We have not reached peak selling season yet and will not have a good idea of the near-term impact of the selling prices of HFCs, so I am projecting only $42 million in free cash flow for FY 2024. The company no longer has long-term debt and will be saving roughly $8 million in interest expense this year, which may help Hudson maintain this $42 million FCF figure even in a rough year.
For my base case, I have lowered my growth assumptions to 0% for year one, 15% for years 2-5, and 12% for years 6-10. My terminal rate is still 2.5% due to the long runway for growth in the reclaimed HFC market. My discount rate is still 15%, a high hurdle for the stock but one that accounts for the risk of a small-cap commodity play. My bear and bull cases are also significantly more conservative than before. I weigh the base case probability to 60% and the bear and bull cases to 20% each.
With these assumptions, the stock is still potentially undervalued by 48%.
Risks
There is a great deal of uncertainty about the potential growth of HFC reclamation due to many variables in the market, so my model will undoubtedly be wildly incorrect. However, I believe that Hudson still presents a potentially attractive opportunity for patient shareholders who are willing to let the thesis play out.

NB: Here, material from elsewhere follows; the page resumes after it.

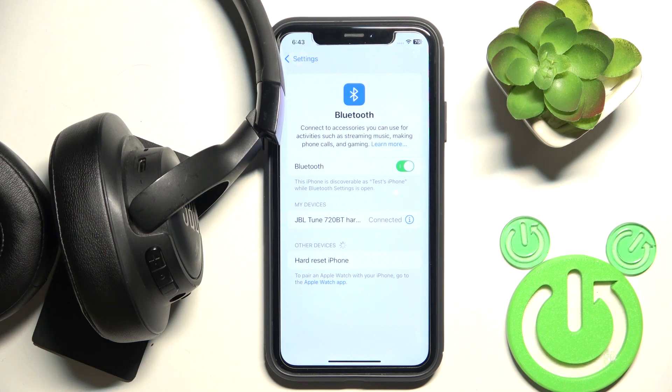Now it should connect. If this method didn't help, we should also remove the headphones from your device's paired list.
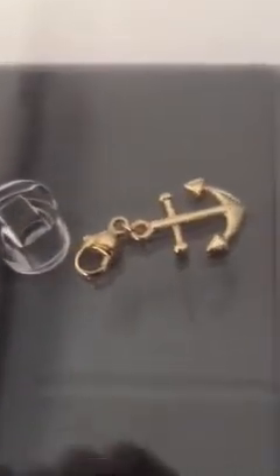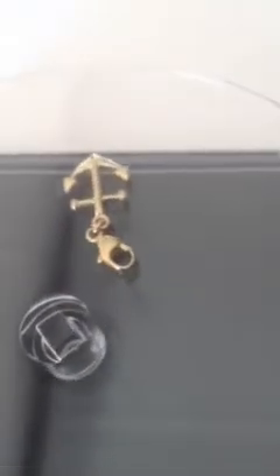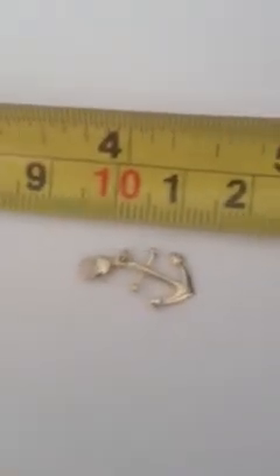This particular pendant is actually very small. Including the lobster claw, it's barely just sort of 20mm long, or two centimetres.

Hudson operates in a cyclical industry, and the price of refrigerants can have outsized impacts on revenues. This impacted the company in Q1 and is likely to weigh on revenues at least into Q2. A recession would risk growth in the installed base for Hudson and is part of the cyclical nature of the business.
Volatility is another risk. I typically do not consider high-beta stocks risky investments, but for someone unwilling to stomach large downdrafts in stock prices, this might not be the right stock to invest in. I have enough confidence in the thesis that I tend to add to my position when the stock is beaten down.
Given the strength of its balance sheet, its greater foothold in the reclamation market, and the positive impact expected by the AIM Act, Hudson should return to growth at some point in 2024 or 2025. The company should also be able to weather an economic downturn, given its near-zero debt balance sheet.
Conclusion
Hudson Technologies faces a challenging year ahead with uncertainty in refrigerant pricing and regulatory impacts. Despite the near-term uncertainty caused by greater than anticipated HFC stockpiles, I trust in Hudson management’s belief that the reclamation market will benefit from the AIM Act’s long-term structural supply and demand changes, and that this will raise prices for reclaimed refrigerants and demand for Hudson’s services and products. Investors will need to monitor how these factors play out through 2024, impacting Hudson’s ability to meet its financial targets and capitalize on regulatory changes.
With the drop in share price and my long-term outlook less certain, but still intact, I upgrade my opinion on Hudson and now consider it a Strong Buy for long-term shareholders who agree with my thesis and analysis.
Analyst’s Disclosure: I/we have a beneficial long position in the shares of HDSN either through stock ownership, options, or other derivatives. I wrote this article myself, and it expresses my own opinions. I am not receiving compensation for it (other than from Seeking Alpha). I have no business relationship with any company whose stock is mentioned in this article.
I plan on adding to my position in HDSN within the coming week.